__About this task__. Search the listing below for the line containing "Cute animal climbing". From there through the line containing "Fendi Vintage Red", transcribe every line exactly, both ends included.

__Excerpted records__.
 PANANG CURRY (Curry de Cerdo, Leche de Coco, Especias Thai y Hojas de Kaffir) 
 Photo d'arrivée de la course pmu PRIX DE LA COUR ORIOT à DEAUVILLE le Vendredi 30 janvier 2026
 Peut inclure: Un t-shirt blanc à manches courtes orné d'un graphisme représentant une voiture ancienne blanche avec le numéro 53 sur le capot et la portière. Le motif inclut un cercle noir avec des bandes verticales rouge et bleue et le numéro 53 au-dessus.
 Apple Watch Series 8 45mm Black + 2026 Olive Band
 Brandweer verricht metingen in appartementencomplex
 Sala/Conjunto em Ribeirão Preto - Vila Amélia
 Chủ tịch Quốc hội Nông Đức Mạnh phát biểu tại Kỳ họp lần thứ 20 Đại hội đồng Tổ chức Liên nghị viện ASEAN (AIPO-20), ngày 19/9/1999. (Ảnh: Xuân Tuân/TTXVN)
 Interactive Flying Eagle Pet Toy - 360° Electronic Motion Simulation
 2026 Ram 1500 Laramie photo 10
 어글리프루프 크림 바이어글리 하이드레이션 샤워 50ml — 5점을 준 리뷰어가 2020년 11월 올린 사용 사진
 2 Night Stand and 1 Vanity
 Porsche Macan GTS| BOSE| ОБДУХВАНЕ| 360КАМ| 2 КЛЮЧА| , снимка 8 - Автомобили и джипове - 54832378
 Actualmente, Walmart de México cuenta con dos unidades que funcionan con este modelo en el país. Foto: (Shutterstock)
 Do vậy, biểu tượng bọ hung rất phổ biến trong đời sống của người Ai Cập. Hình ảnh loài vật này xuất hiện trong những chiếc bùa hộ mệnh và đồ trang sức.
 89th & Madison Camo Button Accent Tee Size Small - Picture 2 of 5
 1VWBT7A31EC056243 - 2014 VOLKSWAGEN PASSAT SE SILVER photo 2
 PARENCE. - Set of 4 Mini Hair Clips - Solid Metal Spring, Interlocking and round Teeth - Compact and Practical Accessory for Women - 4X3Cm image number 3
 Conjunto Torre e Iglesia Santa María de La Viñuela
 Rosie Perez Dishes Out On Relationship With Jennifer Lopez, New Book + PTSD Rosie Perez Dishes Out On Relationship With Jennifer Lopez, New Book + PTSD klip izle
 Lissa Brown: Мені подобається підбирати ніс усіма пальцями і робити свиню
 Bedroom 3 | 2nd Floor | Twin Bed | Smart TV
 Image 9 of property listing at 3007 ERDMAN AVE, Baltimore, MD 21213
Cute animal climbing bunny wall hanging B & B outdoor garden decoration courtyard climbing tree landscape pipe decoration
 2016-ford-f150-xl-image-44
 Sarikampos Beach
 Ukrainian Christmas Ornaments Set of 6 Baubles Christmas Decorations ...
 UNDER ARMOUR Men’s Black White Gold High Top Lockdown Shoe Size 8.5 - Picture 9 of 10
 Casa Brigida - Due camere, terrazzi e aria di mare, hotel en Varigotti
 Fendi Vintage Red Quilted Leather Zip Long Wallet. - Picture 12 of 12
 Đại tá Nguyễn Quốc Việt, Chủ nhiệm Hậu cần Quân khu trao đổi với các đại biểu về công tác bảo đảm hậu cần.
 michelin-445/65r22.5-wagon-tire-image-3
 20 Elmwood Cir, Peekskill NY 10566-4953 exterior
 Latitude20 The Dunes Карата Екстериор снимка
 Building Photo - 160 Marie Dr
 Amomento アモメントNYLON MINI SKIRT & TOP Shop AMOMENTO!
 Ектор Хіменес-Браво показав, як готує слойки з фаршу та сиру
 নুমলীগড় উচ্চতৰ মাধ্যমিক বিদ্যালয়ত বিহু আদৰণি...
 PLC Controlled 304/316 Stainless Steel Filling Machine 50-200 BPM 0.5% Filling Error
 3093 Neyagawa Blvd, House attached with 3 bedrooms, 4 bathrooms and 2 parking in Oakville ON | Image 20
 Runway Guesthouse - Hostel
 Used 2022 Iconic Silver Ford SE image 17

__Result for this exercise__.
Cute animal climbing bunny wall hanging B & B outdoor garden decoration courtyard climbing tree landscape pipe decoration
 2016-ford-f150-xl-image-44
 Sarikampos Beach
 Ukrainian Christmas Ornaments Set of 6 Baubles Christmas Decorations ...
 UNDER ARMOUR Men’s Black White Gold High Top Lockdown Shoe Size 8.5 - Picture 9 of 10
 Casa Brigida - Due camere, terrazzi e aria di mare, hotel en Varigotti
 Fendi Vintage Red Quilted Leather Zip Long Wallet. - Picture 12 of 12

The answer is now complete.